Records from a dataset:
==========

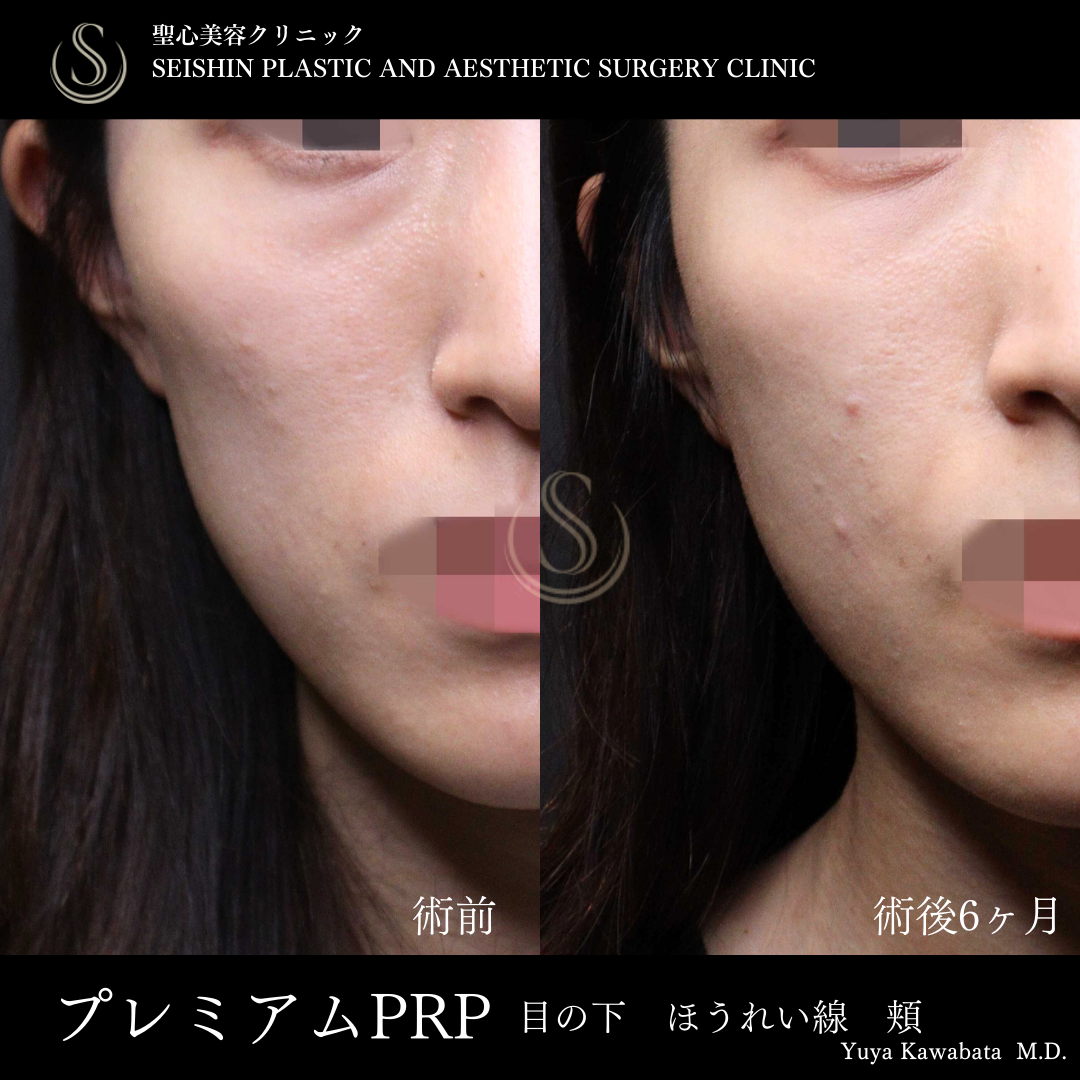 【20代女性・プレミアムPRPで若々しくハリのあるお顔に】プレミアムPRP皮膚再生療法（術後6ヶ月） After 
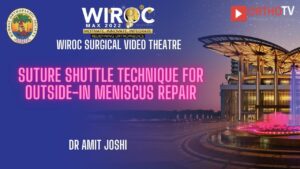 Suture Shuttle Technique for Outside-In Meniscus Repair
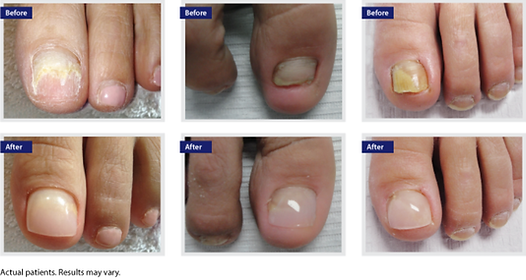 Keryflex toenail restoration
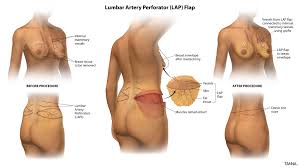 900 x 817 jpeg 99 кб. Lap Flap Breast Reconstruction Dr Tanna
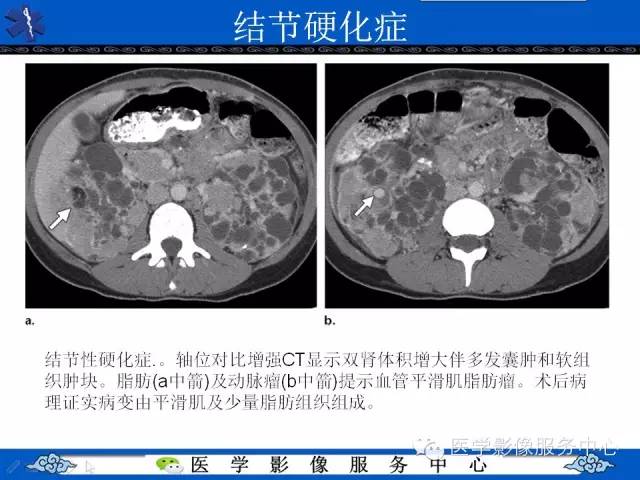 【PPT】肾囊性病变的CT和MRI影像学表现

==========

What this task involves – Every entry above needs to be duplicated precisely, and none of the pictures should appear.

Solution for this problem –
 【20代女性・プレミアムPRPで若々しくハリのあるお顔に】プレミアムPRP皮膚再生療法（術後6ヶ月） After 
 Suture Shuttle Technique for Outside-In Meniscus Repair
 Keryflex toenail restoration
 900 x 817 jpeg 99 кб. Lap Flap Breast Reconstruction Dr Tanna
 【PPT】肾囊性病变的CT和MRI影像学表现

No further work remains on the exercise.